Friday, June 04, 2004

I read Morgan Stanley’s Global Economic Forum like a Bible. With senior staffs all over the developed countries contributing daily to the forum, it delivers the best fundamental overview of the global economy. While timely economic data never proves to be an excellent market timing tool, it does provide a good general direction of where the markets will end in the long run.

In the short run, the markets are controlled by the herd. Currently, the herd is led by the hedge funds – the unregulated hedge funds are busy inflating all asset classes with their almost-free leveraged money.

In the long run, the markets always fall back to where the fundamental treads -- they will adjust themselves back to where they belong, and, most times, fall further, a classic case of extreme on both ends.

The problem is when and how the markets normalize themselves. Just exactly when will the markets show fear for the debt bubble mentioned by Mr. Roach and Dr. Faber, and how much adjustment will be required to normalize the markets?
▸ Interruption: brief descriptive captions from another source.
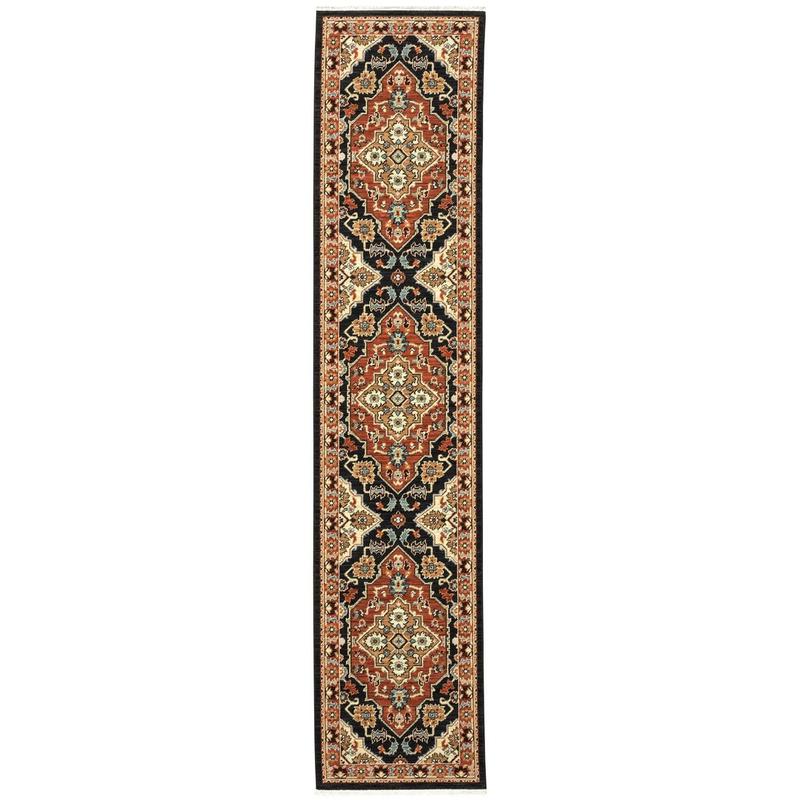 Lilihan 4929A Black/ Rust Indoor Area Rug - 2'6" x 12'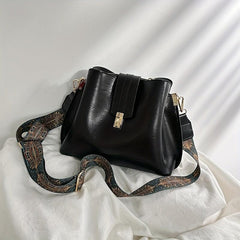 Ethnic Strap Crossbody Bucket Bag Retro Style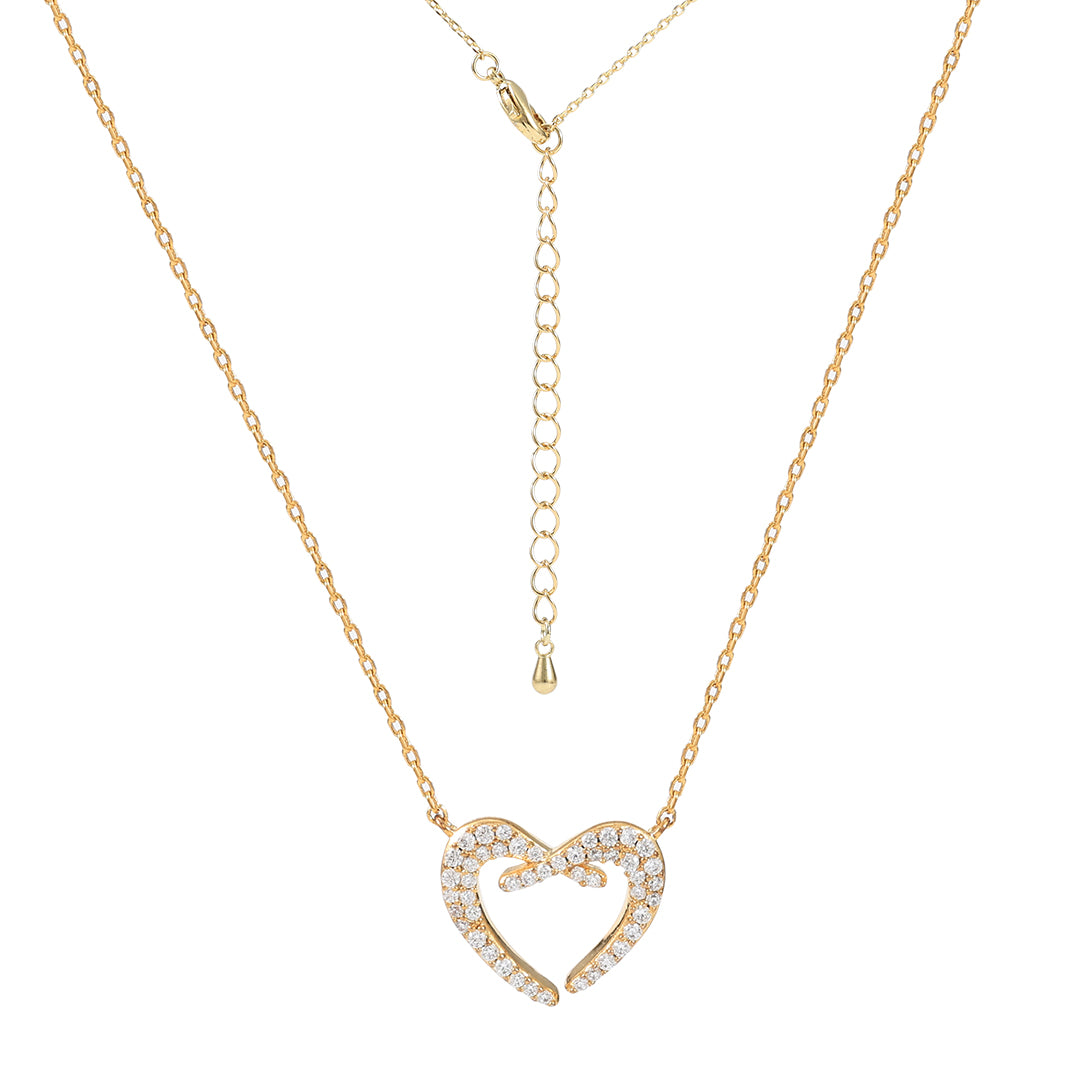 Pavé Open Heart Pendant Necklace "LM"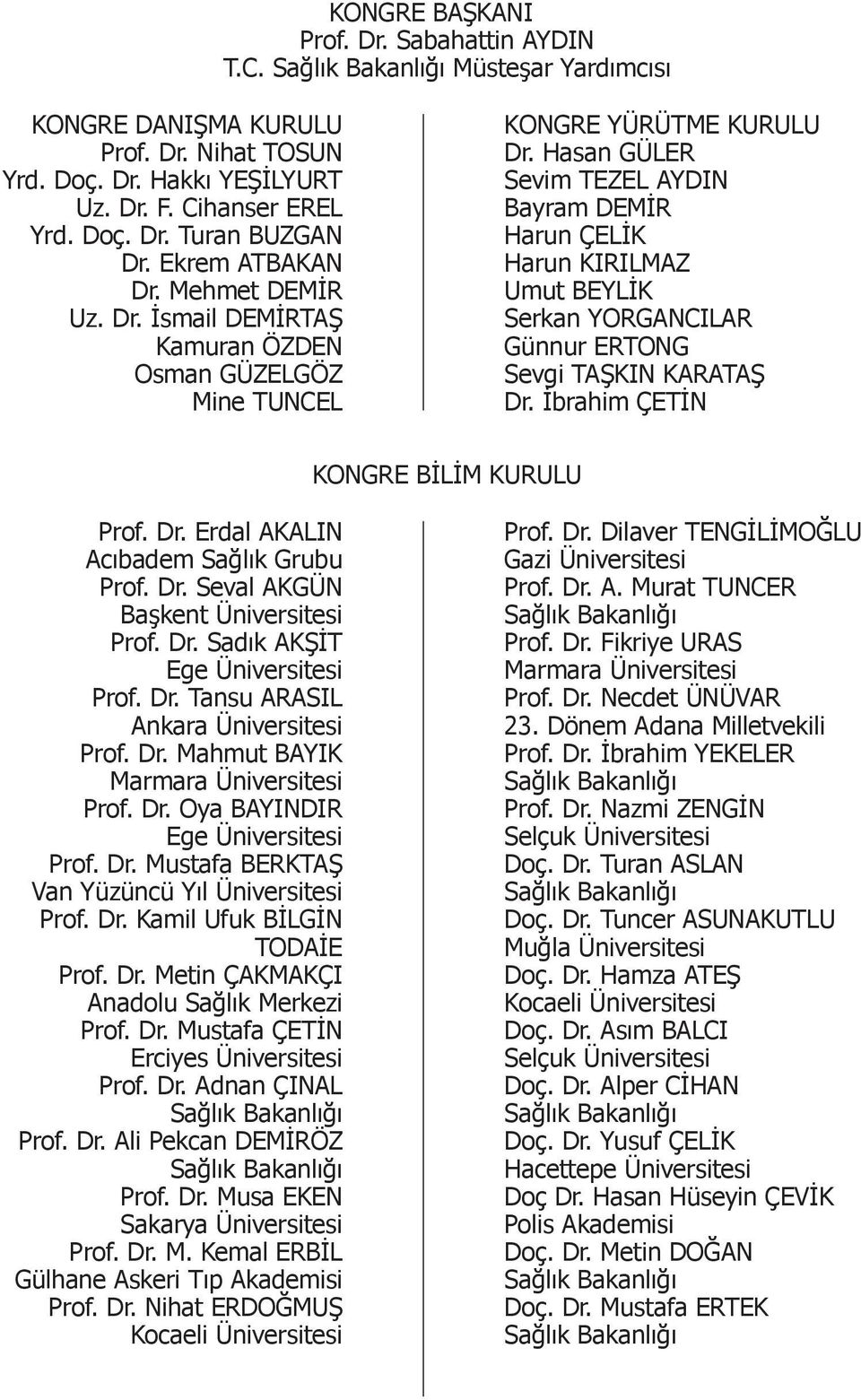 Hasan GÜLER Sevim TEZEL AYDIN Bayram DEMİR Harun ÇELİK Harun KIRILMAZ Umut BEYLİK Serkan YORGANCILAR Günnur ERTONG Sevgi TAŞKIN KARATAŞ Dr. İbrahim ÇETİN KONGRE BİLİM KURULU Prof. Dr. Erdal AKALIN Acıbadem Sağlık Grubu Prof.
At this very moment, the markets are still living in euphoria, as Jim Jubak admonished the longs and shorts that “a bubble expands far longer than anyone expects.” But, maybe we are near the end, or it had already busted in a vacuum (silent pop) and we are just not “admitting the cycle is over.”

If Mr. Roach is right on “history tells us that carry trades end when central bank tightening cycles begin,” then the BEAR case wins. The markets will drop 10 to 14% in a short period of time after June 24th hitting the Fibonacci levels.

Although markets seldom play out like the professionally drawn story boards, they do rhyme well. The best way to manage your risk now is to stay out of the market. There is no reason trying to squeeze every penny out of them.

In summary, while the majority of S&P500 companies did well last quarter, reporting earnings well exceeding expectations, the majority of consumers are overextended in debts. The bond market may have escaped the “carry trade” thanks to the extra month head start awarded by the Fed Chairman Alan Greenspan, “carry trades” from the consumer sector, the biggest indebted sector, may pop when the Fed starts the ‘rates’ train.

VIX is still low showing no fear, with the closing sell signal issued on 5/27. Short-term trader should stay on the side line, waiting for the extreme bearishness signal from VIX to open new long positions.